Re-Boxing My Exploding Galaxy Note 7 In Samsung's Fireproof Box

Some tech sites do unboxing articles/videos, but today I find myself in the odd position of doing a reboxing article covering the Samsung Galaxy Note 7's return packaging. One of the most interesting aspects of the recall is the thermonuclear-proof box that Samsung sent over to contain its exploding progeny.

I recently purchased a brand spanking new Samsung Note 7 to replace my aging, yet very trustworthy, Note 3. Samsung, you are likely aware, has issued a global recall of its Note 7 phones due to "flammability" issues. Some have characterized what happens to the Note 7's battery as "exploding," which is an interesting new feature that might be useful in a self-defense situation. Unfortunately, there is no pin you can pull or button you can press to activate the feature.
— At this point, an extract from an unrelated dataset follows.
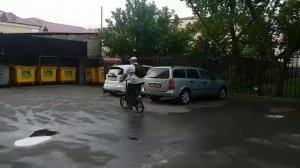 Ездок 145 кг. Проверка прочности складного велосипеда 16 дюймов.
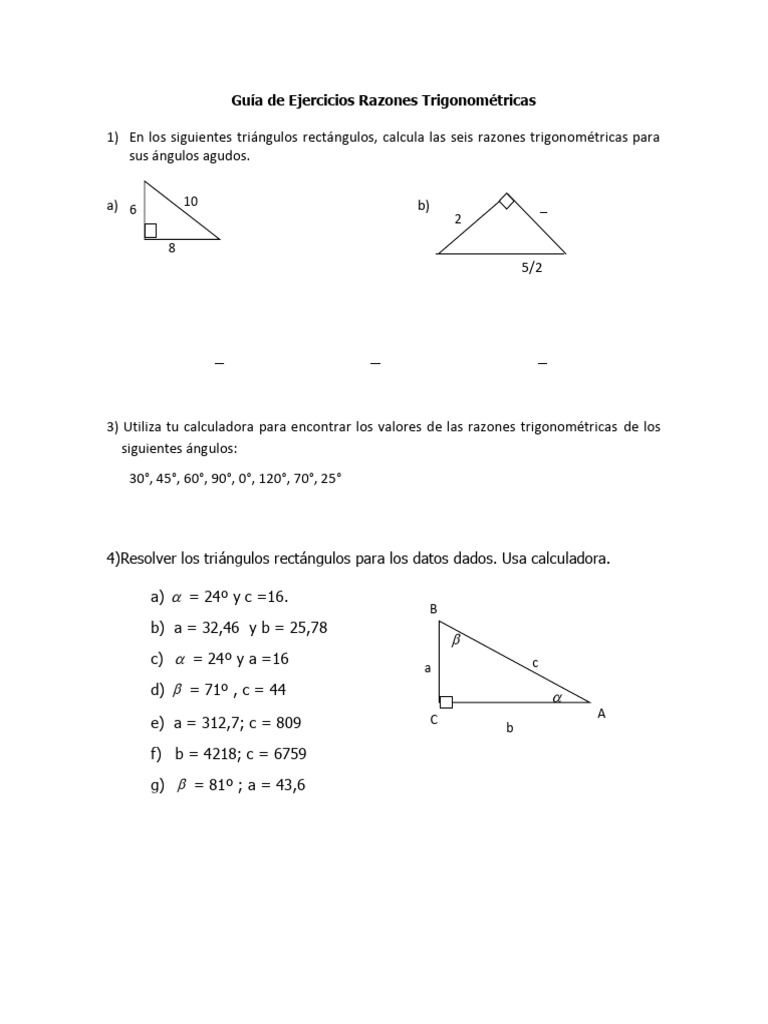 Guía de Ejercicios Razones Trigonométricas | PDF | Triángulo ...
Instead, recharging the little ticking time bomb activates the feature, so a global recall was a must.

The Inert Beginnings

Samsung initially issued the recall without the assistance of the Consumer Product Safety Commission (which would have barred continued sales), so I was aware that they were still shipping the new (but flawed) units. Sure enough, my phone shipped even though Samsung had already issued the global recall notice. The Note 7 arrived at my home without further fanfare (10:23 AM, 9/1/16), and lo and behold, a friendly recall notice landed in my inbox the next day (6:24 PM, 9/2/2016).

October 7 found the first of many, many emails in my inbox declaring that I could get my replacement. Apparently, my Blue Coral model was out of stock, so I waited patiently whilst charging my phone in a metal bowl (finally, a use for that old dusty Christmas tin in my garage). In the meantime, T-Mobile pushed out an irritating firmware update that flashed an ominous warning on my screen every time I charged the device.

My replacement phone finally shipped on September 29, and it arrived on October 3. Samsung sent the full retail package, and I even got a new dose of the accessories, including the headphones, chargers, stylus tips, and so on. Samsung sent over a terse reminder that I had to return the old phone promptly or they would charge me for the new phone, which is understandable, as the company shipped the phone before it received my old one (a nice touch).

A few days later, an interesting box fluttered down onto my doorstep. 

The Return Box Arrives

The box contained another box, along with a pair of blue gloves and a few forms outlining the return process. Samsung's soothing letter provided a sincere-looking apology (well, it says it's sincere), and an idiot-proof picture guide to repacking and returning the phone.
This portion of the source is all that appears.